**DESCRIPTION OF THE TASK:** Please output exactly the lines from the one containing "Una afeitadora eléctrica" through the end of the records below, leaving out any pictures.

====================

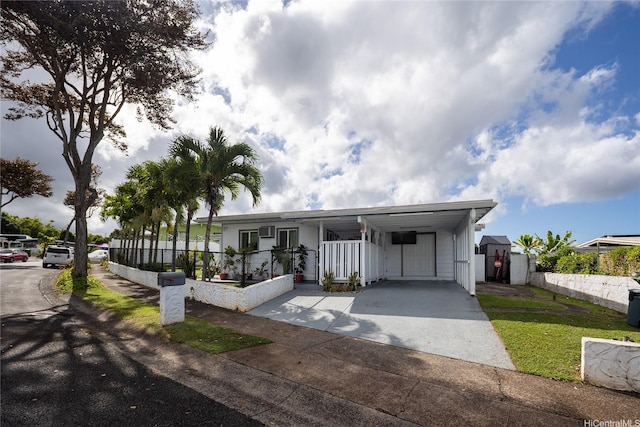 2283 Anapanapa St, Pearl City, HI 96782 - manufactured / mobile home featuring concrete driveway, an attached carport, and a gate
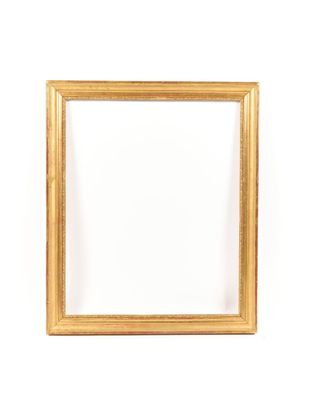 a gold frame on a white wall with a white background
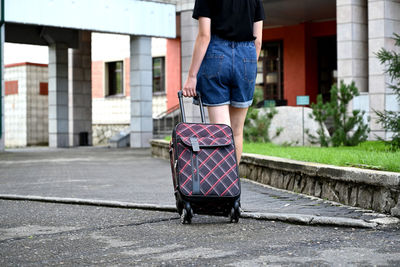 Low section of woman walking on street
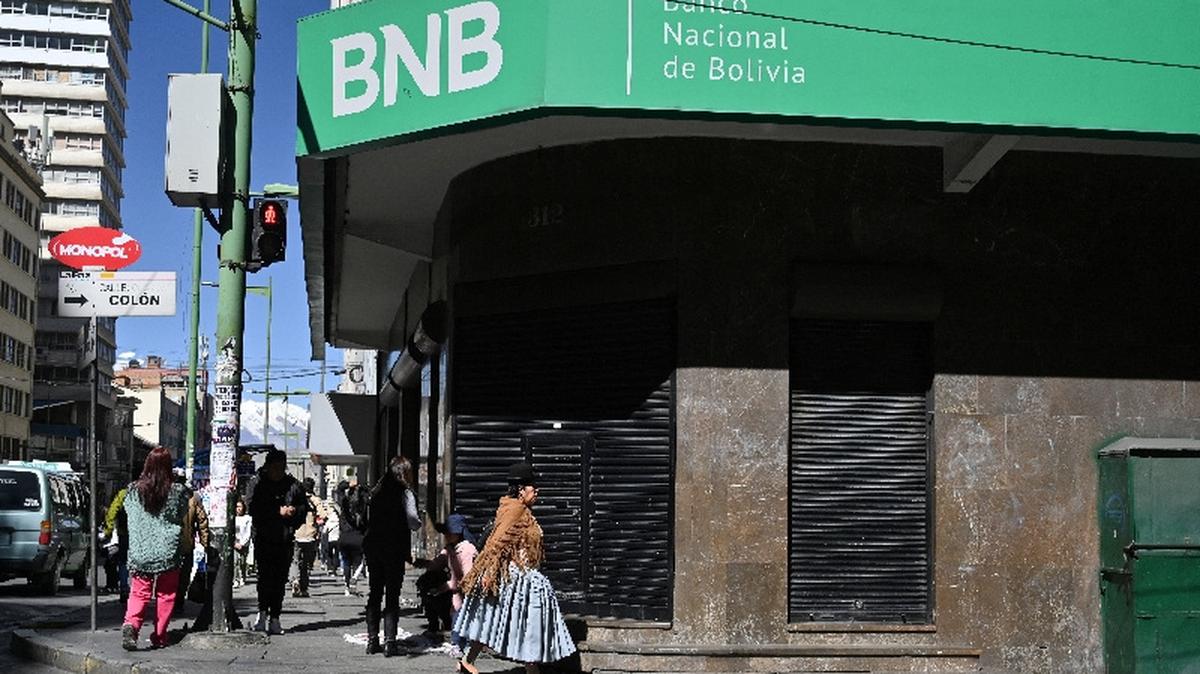 People walk past a closed branch of the National Bank of Bolivia in La Paz as several of the country’s banks temporarily closed branches due to ongoing unrest driven by anti-government demonstrations on Tuesday.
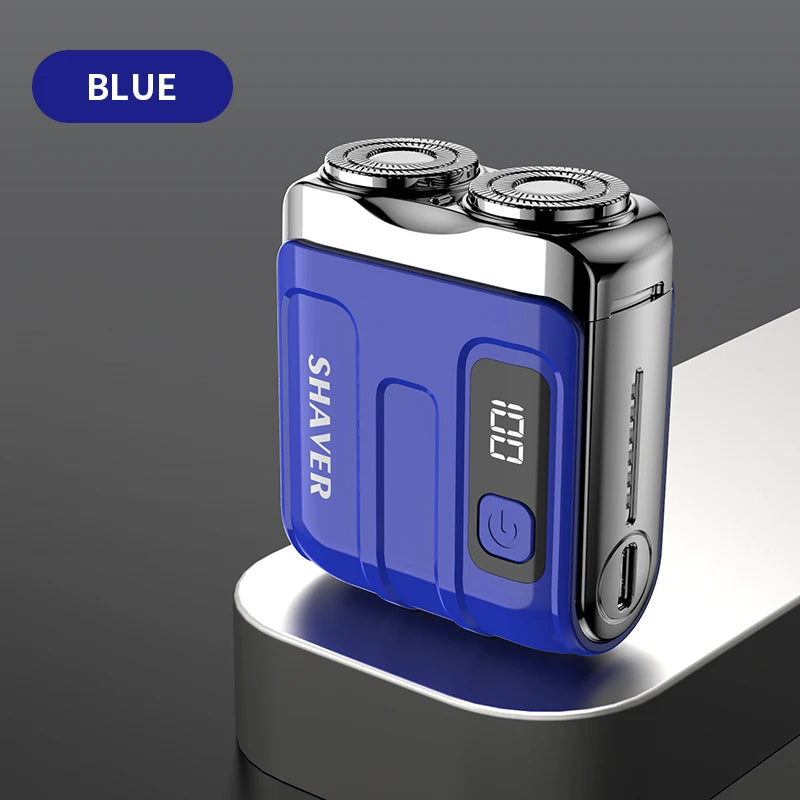 Una afeitadora eléctrica recargable mini USB azul con pantalla digital sobre una superficie gris.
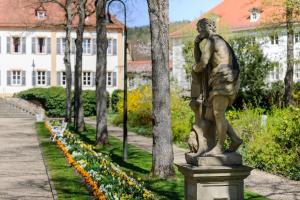 une statue d'un homme debout dans un parc dans l'établissement Hotel Kurhaus Bad Bocklet, à Bad Bocklet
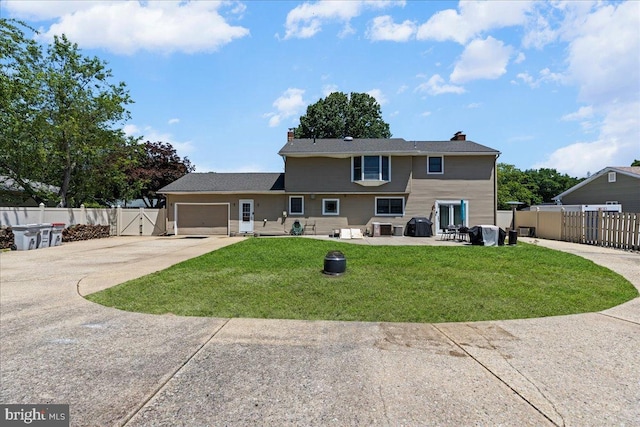 1609 Wills Pl, Vineland, NJ 08361 - rear view of property featuring a chimney, driveway, a gate, and an attached garage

====================

**PROBLEM SOLUTION:**
 Una afeitadora eléctrica recargable mini USB azul con pantalla digital sobre una superficie gris.
 une statue d'un homme debout dans un parc dans l'établissement Hotel Kurhaus Bad Bocklet, à Bad Bocklet
 1609 Wills Pl, Vineland, NJ 08361 - rear view of property featuring a chimney, driveway, a gate, and an attached garage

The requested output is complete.